Unnamed: 0,day,hour,weather,num_fatalities
0,0,0,0,211
1,0,0,1,17
2,0,0,2,1
3,0,0,3,2
4,0,0,4,5


In [27]:
features = data.drop('num_fatalities',axis=1) #the features are day, hour, and weather

In [28]:
label = data['num_fatalities']

In [29]:
# training data is randomly chosen from data and comprises 70% of the total data entries
# the other 30% of data entries are assigned to testing, which determines the accuracy of the model after training
# x values are the feature columns (day, hour, and weather)
# y values are the label column (num_fatalities)
x_train, x_test, y_train, y_test = train_test_split(features,label,test_size=0.3,
                                                    random_state=101)
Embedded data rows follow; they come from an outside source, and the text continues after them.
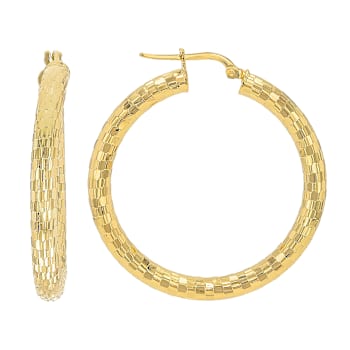 Mirror Faceted Hoop Earrings In 18K Gold Over Bronze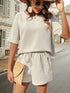 Waffle-Knit Half Sleeve Top and Shorts Set - MyEmpired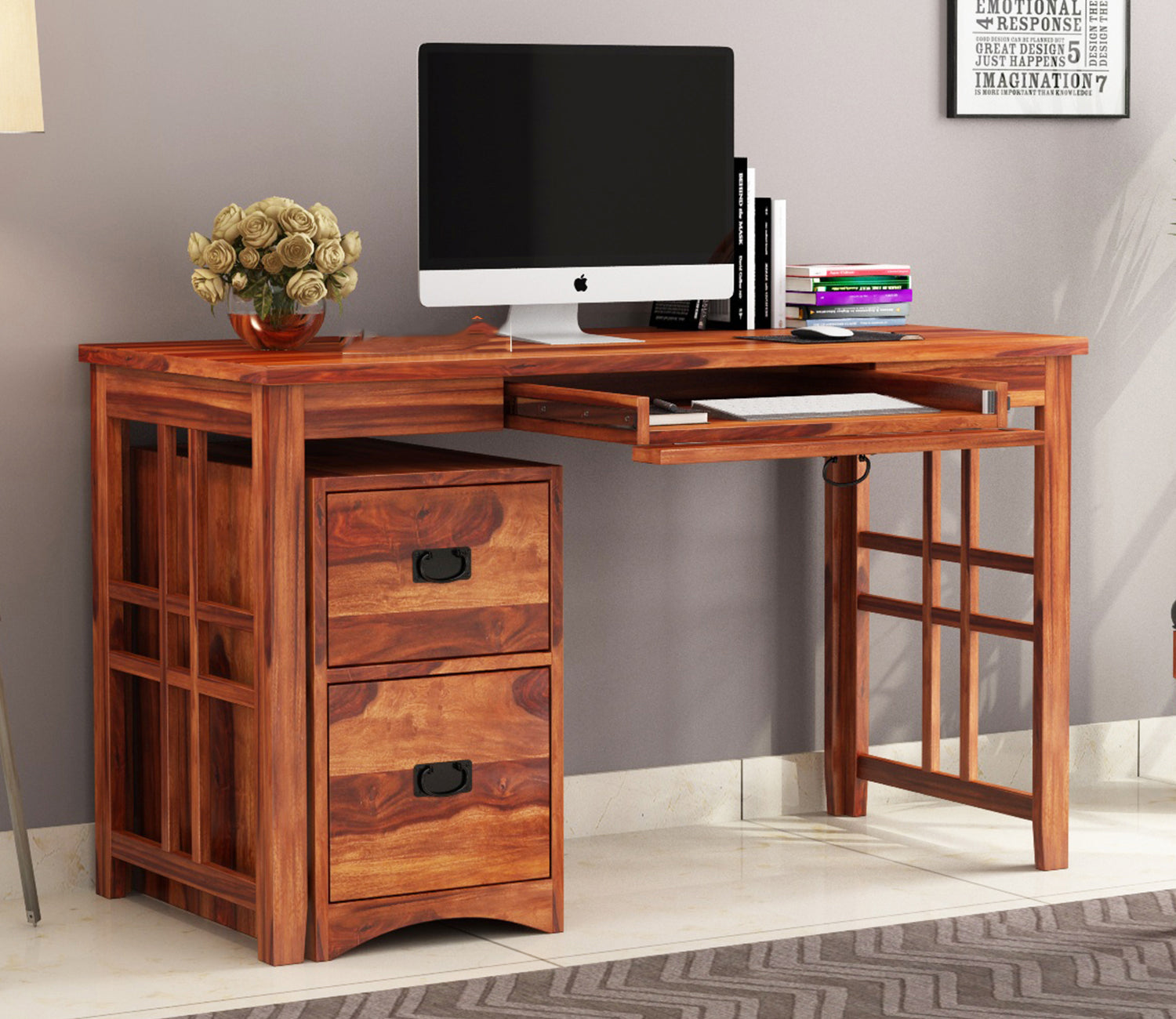 Ellie Computer Table With Keyboard Tray and Drawer Storage
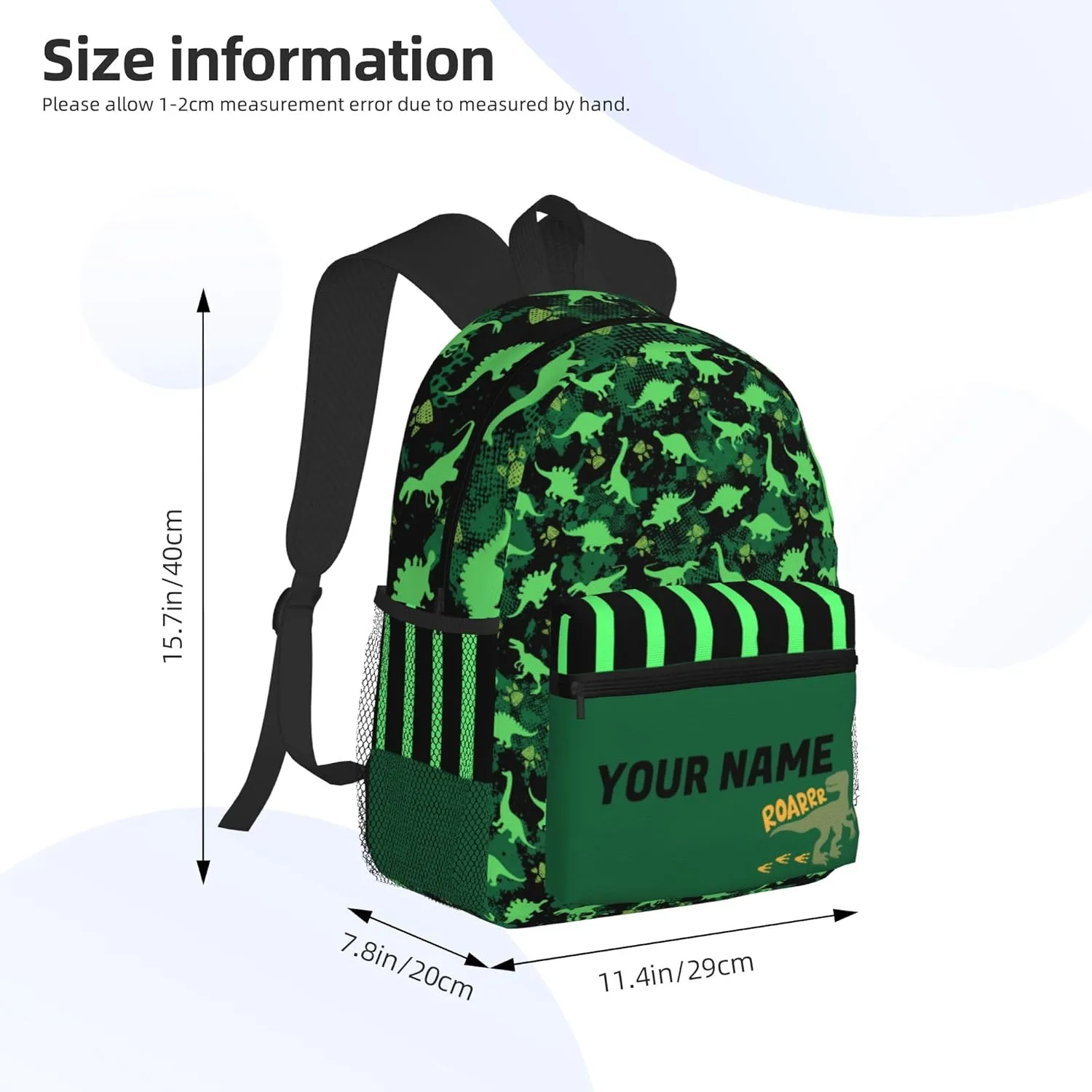 J&SBGFT Custom Backpack for Boys Girls,Personalized Toddler Backpack with Name,Customization Dinosaur Print Kid School Backpack Cute Bookbag 15in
** Scale the Feature Data **

** Use sklearn preprocessing to create a MinMaxScaler for the feature data (in this case, num_fatalities). This scales the data so that the smallest value becomes 0, the largest value becomes 1, and the values in between are assigned proportionally. Fit this scaler only to the training data, since test data may go beyond the bounds of training. Use the scaler to transform x_test and x_train. Then, use the scaled x_test and x_train along with pd.Dataframe to re-create two dataframes (i.e. tables) of scaled data.**

In [37]:
scaler_model = MinMaxScaler()

In [38]:
scaler_model.fit(x_train)

MinMaxScaler(copy=True, feature_range=(0, 1))

In [40]:
x_test = pd.DataFrame(data=scaler_model.transform(x_test),columns=x_test.columns,index=x_test.index)

In [41]:
x_train = pd.DataFrame(data=scaler_model.transform(x_train),columns=x_train.columns,index=x_train.index)

In [43]:
x_test.head() #displays the first 5 rows of x_test

Unnamed: 0,day,hour,weather
1423,0.833333,0.956522,0.333333
850,0.5,0.565217,0.0
808,0.5,0.347826,0.888889
868,0.5,0.608696,0.888889
901,0.5,0.782609,0.111111


** Create the necessary tf.feature_column objects for the estimator. **

In [52]:
day_feature_column = tf.feature_column.numeric_column('day')
hour_feature_column = tf.feature_column.numeric_column('hour')
weather_feature_column = tf.feature_column.numeric_column('weather')

In [53]:
feat_cols = [day_feature_column,hour_feature_column,weather_feature_column]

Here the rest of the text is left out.